Salt Lake Organizing Committee for the Olympic and Paralympic Winter Games of 2002
- Headquarters: Salt Lake City
- CEO: Mitt Romney
- Website: Olympic: http://saltlake2002legacy.com/ Paralympic: http://saltlake2002.paralympic.org/

= Salt Lake Organizing Committee for the Olympic and Paralympic Winter Games of 2002 =

2002 Olympics local organizing committee

The Salt Lake Organizing Committee for the Olympic and Paralympic Winter Games of 2002 (SLOC) was the organization responsible for the 2002 Winter Olympics and 2002 Winter Paralympics in Salt Lake City, USA. The SLOC secured their bid for the 2002 Olympic Games in 1995. After the SLOC was exposed to be in disarray in the ensuing years, Mitt Romney was hired in 1999 to turn around the failing organization. Under Romney's leadership, the SLOC ended up hosting a successful Olympic games with financial surpluses.

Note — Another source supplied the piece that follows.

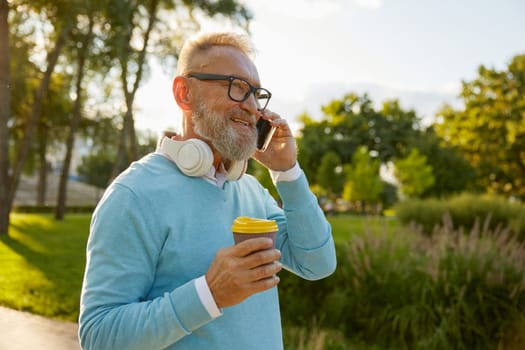 Side view portrait of senior man having call on smartphone. Elderly businessman walking in park enjoying coffee break and talking with relatives on cellphone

In June 2001, the International Olympic Committee (IOC) and the International Paralympic Committee (IPC) had signed an agreement that would ensure that the staging of the Paralympic Games is automatically included in the bid for the Olympic Games. The agreement came into effect at the 2008 Paralympic Summer Games in Beijing, and the 2010 Paralympic Winter Games in Vancouver. However, the Salt Lake 2002 Organizing Committee, chose to follow the practice of "one bid, one city" already at the 2002 Games in Salt Lake City, and hosted both the Olympics and the Paralympics.